Em suma, não tendo a A. feito tal prova, não se afigura lícito im-putar à 1.ª R. qualquer falta de emissão de sinal de alarme relacionada com esse cometimento e que, portanto, pudesse ser equacionada como causa negativa daquele homicídio.       

Termos em que não restará senão concluir, como se concluiu no acórdão recorrido, pela improcedência da ação.


     IV – Decisão


      Pelo exposto, acorda-se em negar a revista, confirmando-se a decisão recorrida.

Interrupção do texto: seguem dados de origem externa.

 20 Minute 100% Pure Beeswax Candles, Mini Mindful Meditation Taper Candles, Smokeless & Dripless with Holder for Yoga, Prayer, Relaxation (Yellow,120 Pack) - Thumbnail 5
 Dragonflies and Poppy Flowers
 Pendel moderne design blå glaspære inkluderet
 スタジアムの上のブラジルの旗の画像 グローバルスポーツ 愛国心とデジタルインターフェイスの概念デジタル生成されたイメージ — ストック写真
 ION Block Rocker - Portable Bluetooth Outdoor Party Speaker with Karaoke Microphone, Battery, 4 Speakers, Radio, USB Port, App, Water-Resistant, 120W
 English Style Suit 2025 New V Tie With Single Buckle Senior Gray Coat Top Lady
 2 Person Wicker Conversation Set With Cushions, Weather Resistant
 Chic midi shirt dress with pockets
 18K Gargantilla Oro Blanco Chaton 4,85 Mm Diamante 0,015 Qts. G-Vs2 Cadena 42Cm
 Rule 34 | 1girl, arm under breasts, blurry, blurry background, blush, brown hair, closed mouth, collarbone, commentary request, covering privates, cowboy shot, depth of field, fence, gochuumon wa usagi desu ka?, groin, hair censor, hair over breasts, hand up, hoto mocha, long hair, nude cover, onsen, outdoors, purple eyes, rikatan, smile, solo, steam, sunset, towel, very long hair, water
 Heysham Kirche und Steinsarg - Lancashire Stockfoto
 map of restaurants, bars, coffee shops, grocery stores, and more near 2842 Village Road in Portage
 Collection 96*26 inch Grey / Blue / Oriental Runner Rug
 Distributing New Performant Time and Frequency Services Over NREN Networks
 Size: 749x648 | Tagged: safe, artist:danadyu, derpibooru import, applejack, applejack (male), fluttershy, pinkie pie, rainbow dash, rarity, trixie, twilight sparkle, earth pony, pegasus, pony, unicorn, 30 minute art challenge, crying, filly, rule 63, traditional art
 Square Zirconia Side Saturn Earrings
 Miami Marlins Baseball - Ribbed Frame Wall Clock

    As custas do recurso ficam a cargo da A./Recorrente.

 

Lisboa, 27 de setembro de 2018


Manuel Tomé Soares Gomes (Relator)

António Abrantes Geraldes

Maria da Graça Trigo

___________

[1] Neste sentido, vide, por todos, Antunes Varela, in Obrigações em Geral, Vol. II, Almedina, 7.ª Edição, 1997, p. 101, quando refere: «É, todavia, ao credor que incumbe a prova do facto ilícito do não cumprimento.»
[2] Sobre a ilicitude da conduta do devedor como elemento da obrigação de indemnizar, vide Ribeiro Faria, in Direito das Obrigações, Vol. II, Almedina, Coimbra, 1990, pp. 398 e segs.